Bored Ape NFT sells for $3,000 instead of $300,000 by mistake

Bored Ape NFT sells for $3,000 instead of $300,000 by mistake

Unintentionally, a popular non-fungible token (NFT) was sold for slightly over $3,000 (£2,270), less than one-hundredth of its market value.

The Bored Ape Yacht Club is one of 10,000 digital art pieces in a limited edition, each with small differences. However, the owner of Bored Ape number 3,547 made a fat-fingered typing blunder when selling the item for sale online. An automated account bought the NFT right away, and it was put back on the market for roughly $250,000.

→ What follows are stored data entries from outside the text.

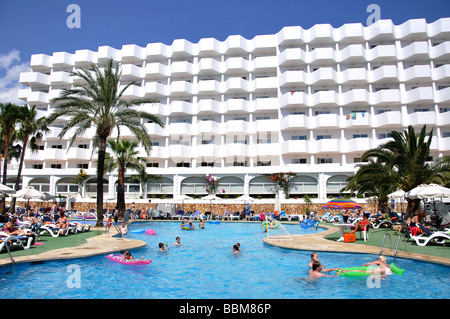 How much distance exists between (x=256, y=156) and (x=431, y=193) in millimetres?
27042

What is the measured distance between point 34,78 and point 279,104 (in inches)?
1373

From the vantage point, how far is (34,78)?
46156 millimetres

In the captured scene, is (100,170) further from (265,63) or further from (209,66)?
(265,63)

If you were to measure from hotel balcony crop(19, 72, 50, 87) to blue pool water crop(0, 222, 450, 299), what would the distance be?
147ft

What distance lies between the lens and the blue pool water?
7.58 metres

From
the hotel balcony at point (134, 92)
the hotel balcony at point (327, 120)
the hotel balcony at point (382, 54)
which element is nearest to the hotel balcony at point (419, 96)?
the hotel balcony at point (382, 54)

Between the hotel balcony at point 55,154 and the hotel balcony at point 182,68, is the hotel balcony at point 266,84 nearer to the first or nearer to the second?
the hotel balcony at point 182,68

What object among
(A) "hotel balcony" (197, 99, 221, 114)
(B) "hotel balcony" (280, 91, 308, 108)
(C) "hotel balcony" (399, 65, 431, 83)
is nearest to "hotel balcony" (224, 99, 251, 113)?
(A) "hotel balcony" (197, 99, 221, 114)

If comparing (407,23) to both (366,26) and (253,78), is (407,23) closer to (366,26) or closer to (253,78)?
(366,26)

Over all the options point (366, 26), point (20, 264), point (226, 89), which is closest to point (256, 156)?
point (226, 89)

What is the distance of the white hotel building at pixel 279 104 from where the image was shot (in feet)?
126

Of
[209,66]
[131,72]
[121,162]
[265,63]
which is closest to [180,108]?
[209,66] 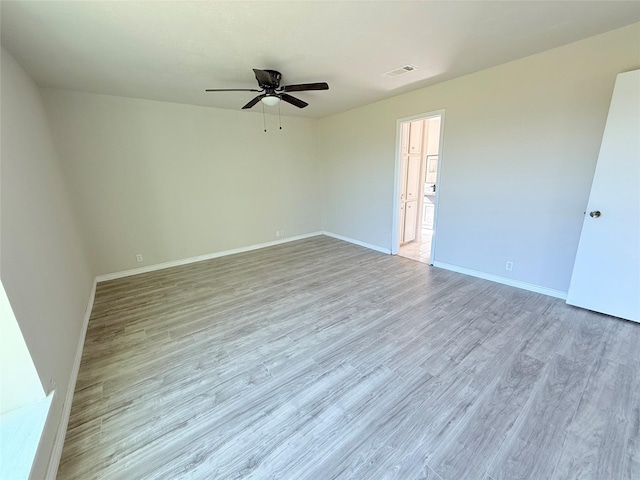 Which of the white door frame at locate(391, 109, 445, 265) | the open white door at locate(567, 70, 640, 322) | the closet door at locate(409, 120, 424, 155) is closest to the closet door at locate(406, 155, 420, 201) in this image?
the closet door at locate(409, 120, 424, 155)

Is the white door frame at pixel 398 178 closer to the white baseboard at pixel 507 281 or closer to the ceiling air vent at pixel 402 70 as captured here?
the white baseboard at pixel 507 281

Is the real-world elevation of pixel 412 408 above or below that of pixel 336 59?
below

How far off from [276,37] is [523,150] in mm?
2935

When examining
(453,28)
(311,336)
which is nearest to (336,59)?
(453,28)

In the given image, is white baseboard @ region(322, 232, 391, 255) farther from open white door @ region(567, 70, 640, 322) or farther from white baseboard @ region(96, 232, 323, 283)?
open white door @ region(567, 70, 640, 322)

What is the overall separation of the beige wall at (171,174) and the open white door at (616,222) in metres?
4.61

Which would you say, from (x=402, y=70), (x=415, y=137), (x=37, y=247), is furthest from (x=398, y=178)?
(x=37, y=247)

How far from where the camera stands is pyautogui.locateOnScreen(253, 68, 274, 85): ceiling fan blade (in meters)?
2.40

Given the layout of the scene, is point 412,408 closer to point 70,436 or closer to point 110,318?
point 70,436

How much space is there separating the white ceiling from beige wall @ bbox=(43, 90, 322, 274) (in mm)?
589

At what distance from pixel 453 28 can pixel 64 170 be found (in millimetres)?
4712

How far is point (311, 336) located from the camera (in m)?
2.47

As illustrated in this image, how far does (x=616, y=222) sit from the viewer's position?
2.42 metres

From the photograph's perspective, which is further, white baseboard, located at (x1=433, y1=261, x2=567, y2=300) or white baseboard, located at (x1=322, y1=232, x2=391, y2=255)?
white baseboard, located at (x1=322, y1=232, x2=391, y2=255) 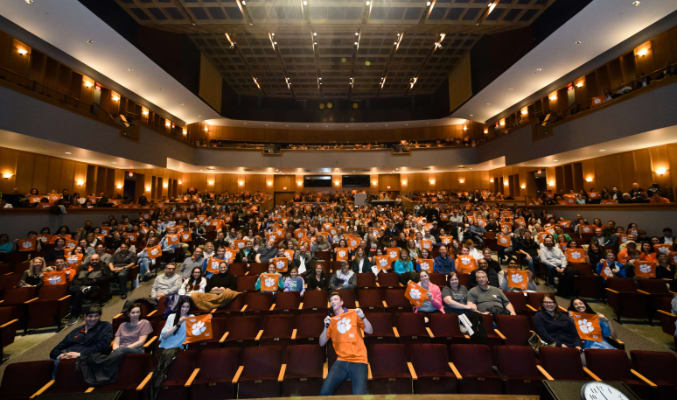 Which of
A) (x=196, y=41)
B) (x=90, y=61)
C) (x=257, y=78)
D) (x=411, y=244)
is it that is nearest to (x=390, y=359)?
(x=411, y=244)

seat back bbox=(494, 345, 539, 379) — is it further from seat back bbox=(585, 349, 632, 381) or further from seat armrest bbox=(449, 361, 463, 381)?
seat back bbox=(585, 349, 632, 381)

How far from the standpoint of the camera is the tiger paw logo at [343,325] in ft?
9.86

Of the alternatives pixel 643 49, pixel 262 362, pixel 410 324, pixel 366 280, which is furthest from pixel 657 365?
pixel 643 49

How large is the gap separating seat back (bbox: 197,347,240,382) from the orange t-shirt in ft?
3.75

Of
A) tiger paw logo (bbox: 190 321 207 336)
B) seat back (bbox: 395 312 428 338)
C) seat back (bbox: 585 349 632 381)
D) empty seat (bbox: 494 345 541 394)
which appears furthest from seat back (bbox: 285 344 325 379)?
seat back (bbox: 585 349 632 381)

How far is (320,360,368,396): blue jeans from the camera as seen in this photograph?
9.21 feet

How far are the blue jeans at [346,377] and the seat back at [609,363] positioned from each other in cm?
249

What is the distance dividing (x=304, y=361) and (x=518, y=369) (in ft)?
7.82

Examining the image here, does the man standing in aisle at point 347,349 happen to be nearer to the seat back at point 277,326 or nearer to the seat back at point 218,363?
the seat back at point 277,326

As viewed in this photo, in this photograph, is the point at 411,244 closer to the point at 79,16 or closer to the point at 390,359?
the point at 390,359

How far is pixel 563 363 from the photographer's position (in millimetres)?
2965

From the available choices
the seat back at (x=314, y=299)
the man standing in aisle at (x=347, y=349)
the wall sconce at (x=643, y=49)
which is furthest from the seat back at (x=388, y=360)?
the wall sconce at (x=643, y=49)

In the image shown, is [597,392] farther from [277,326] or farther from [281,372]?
[277,326]

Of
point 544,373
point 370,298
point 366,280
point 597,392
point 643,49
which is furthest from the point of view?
point 643,49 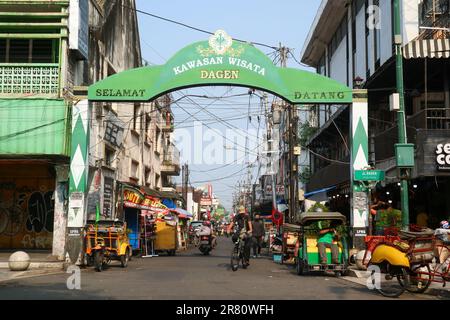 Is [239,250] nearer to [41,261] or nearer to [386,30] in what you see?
[41,261]

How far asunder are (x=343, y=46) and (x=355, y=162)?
16522mm

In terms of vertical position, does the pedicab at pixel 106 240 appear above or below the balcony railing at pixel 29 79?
below

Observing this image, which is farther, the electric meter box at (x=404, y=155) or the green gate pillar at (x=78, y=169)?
the green gate pillar at (x=78, y=169)

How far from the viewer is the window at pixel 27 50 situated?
21.9 metres

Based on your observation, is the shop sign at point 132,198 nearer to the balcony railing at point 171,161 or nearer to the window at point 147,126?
the window at point 147,126

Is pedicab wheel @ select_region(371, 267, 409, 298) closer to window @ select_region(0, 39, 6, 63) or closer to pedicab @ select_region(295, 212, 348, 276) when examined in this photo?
pedicab @ select_region(295, 212, 348, 276)

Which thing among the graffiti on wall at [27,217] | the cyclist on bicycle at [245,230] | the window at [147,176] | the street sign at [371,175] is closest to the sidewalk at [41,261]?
the graffiti on wall at [27,217]

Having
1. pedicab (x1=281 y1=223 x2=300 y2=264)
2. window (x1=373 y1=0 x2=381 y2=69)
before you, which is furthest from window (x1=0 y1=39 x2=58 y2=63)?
window (x1=373 y1=0 x2=381 y2=69)

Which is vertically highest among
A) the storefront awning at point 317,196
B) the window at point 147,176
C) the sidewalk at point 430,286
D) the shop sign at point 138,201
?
the window at point 147,176

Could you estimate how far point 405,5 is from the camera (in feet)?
72.2

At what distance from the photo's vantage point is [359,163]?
744 inches

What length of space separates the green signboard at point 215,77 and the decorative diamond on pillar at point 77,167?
80.9 inches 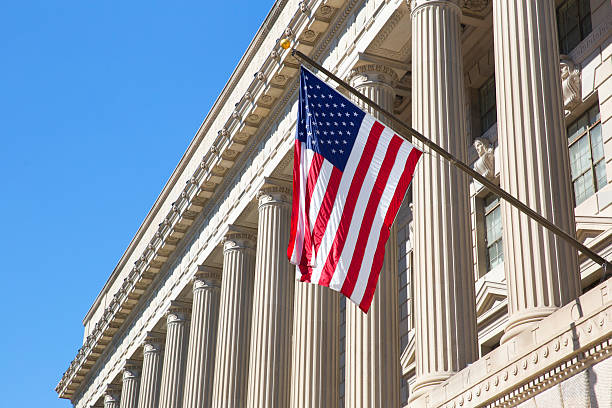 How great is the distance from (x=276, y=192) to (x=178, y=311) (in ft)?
42.0

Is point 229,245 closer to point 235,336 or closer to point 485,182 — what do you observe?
point 235,336

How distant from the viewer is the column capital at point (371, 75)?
1161 inches

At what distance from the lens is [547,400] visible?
1697cm

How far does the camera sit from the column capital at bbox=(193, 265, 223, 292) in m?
42.9

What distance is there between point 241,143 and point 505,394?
→ 74.2 feet

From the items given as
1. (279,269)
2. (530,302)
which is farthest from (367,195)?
(279,269)

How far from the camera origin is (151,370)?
164ft

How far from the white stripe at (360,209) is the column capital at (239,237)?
22.1 metres

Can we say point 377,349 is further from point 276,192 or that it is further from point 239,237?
point 239,237

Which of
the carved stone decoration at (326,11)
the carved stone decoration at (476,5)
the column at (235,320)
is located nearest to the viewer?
the carved stone decoration at (476,5)

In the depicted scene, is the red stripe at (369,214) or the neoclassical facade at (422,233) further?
the neoclassical facade at (422,233)

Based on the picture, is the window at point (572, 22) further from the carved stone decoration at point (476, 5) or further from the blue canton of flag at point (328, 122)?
the blue canton of flag at point (328, 122)

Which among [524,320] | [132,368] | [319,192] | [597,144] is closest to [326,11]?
[597,144]

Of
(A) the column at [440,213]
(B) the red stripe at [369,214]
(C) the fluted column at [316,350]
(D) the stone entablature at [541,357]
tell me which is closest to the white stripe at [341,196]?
(B) the red stripe at [369,214] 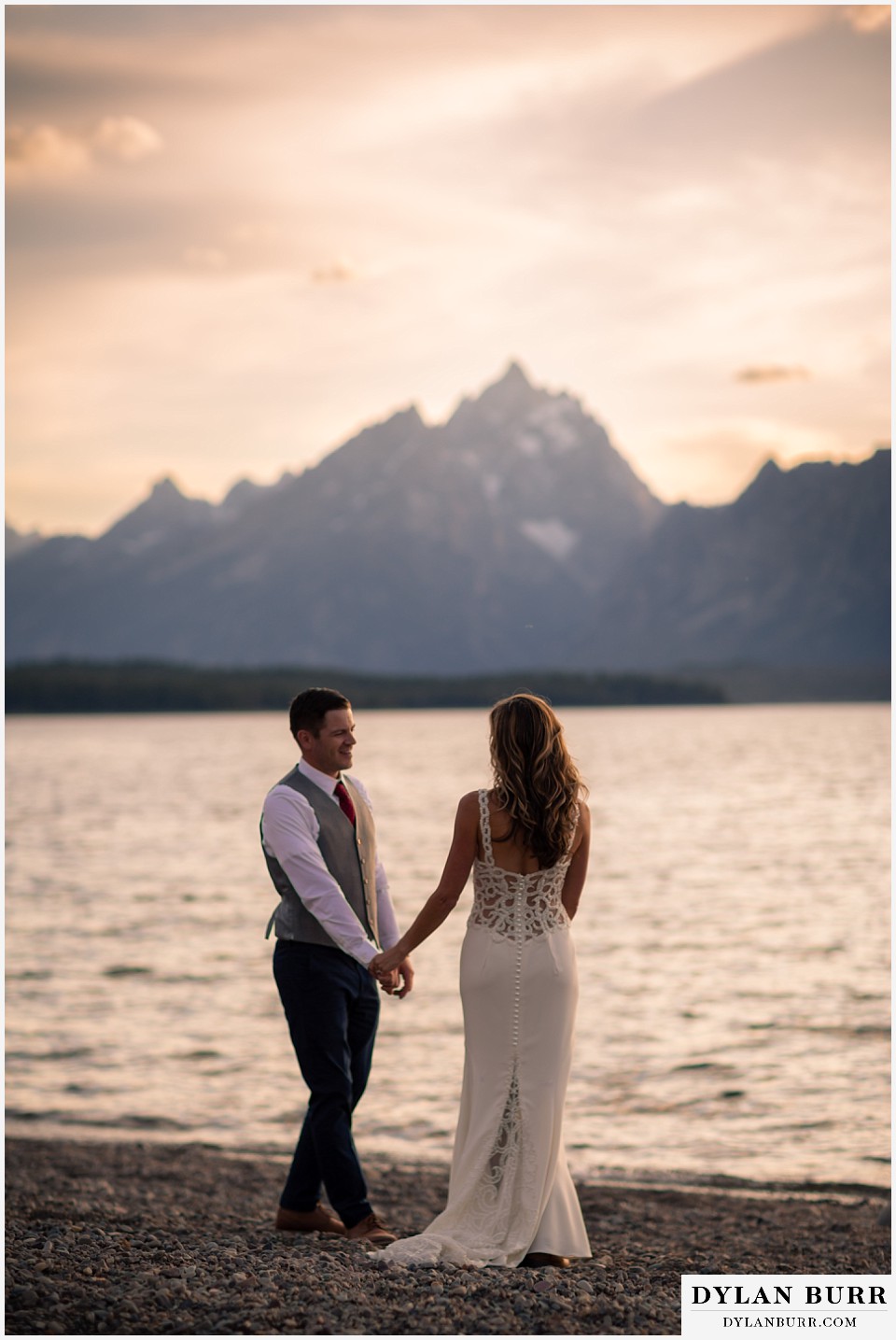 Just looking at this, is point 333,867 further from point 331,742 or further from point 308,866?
point 331,742

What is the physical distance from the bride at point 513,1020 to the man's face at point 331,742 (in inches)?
33.5

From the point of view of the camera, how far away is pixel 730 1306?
19.9 ft

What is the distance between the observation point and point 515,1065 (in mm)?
6555

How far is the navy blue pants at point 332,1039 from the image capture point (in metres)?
7.00

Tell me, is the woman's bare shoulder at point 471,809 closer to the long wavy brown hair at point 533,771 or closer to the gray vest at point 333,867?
the long wavy brown hair at point 533,771

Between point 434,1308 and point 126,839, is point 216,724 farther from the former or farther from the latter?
point 434,1308

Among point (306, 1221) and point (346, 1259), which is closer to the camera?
point (346, 1259)

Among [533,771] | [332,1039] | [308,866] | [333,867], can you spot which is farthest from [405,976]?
[533,771]

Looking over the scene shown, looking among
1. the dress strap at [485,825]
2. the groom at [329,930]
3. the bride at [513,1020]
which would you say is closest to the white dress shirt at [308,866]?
the groom at [329,930]

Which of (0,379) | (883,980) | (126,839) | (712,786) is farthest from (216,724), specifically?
(0,379)

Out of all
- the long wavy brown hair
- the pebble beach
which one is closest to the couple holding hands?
the long wavy brown hair

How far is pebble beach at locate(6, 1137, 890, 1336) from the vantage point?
5715 mm

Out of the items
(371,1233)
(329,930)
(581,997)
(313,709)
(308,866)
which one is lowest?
(581,997)

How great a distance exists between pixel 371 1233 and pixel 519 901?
6.74 feet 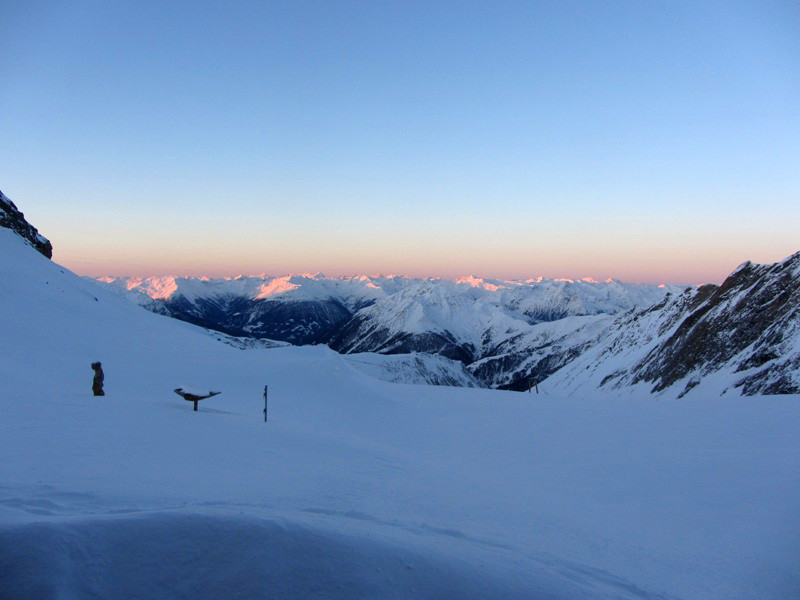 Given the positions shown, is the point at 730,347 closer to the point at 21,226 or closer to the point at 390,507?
the point at 390,507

The vendor, Maxnaut, told CNet that he intended to sell Bored Ape number 3,547 for 75 ETH, a cryptocurrency that is widely accepted on NFT markets. However, a slip in concentration caused him to write in 0.75 ETH ($2,989) instead during one of the many trades he lists publicly every day. Gas fees, which affect how quickly the Ethereum network conducts a transaction, were also paid by the suspected-bot buyer, totalling 8 ETH ($32,000). The deal was concluded fairly swiftly as a result of this.

Such errors are usually easily corrected in traditional financial transactions if the facilitating bank is notified as soon as feasible. Such a sell, however, is typically irrevocable in the unregulated crypto-trading market.

The Bored Apes, who debuted in April 2021, are made using a computer script that blends a range of colours, styles, and accessories to produce each one-of-a-kind creature. They were sold for 0.08 ETH ($320 today), but are now worth at least 50 ETH ($200,000).

Whether they are NFT fans or celebrities, many owners use their apes as Twitter profile images. Critics of the NFT sector as a whole, on the other hand, wonder what buyers get for their money when they buy non-physical art, and whether the certificate of ownership is maintained on the blockchain, the same technology that drives cryptocurrencies, is worth the exorbitant sums paid for some NFTs.

The technology also consumes a lot of energy due to the way transactions are validated using a high-powered computer, leading to charges that the industry is bad for the environment.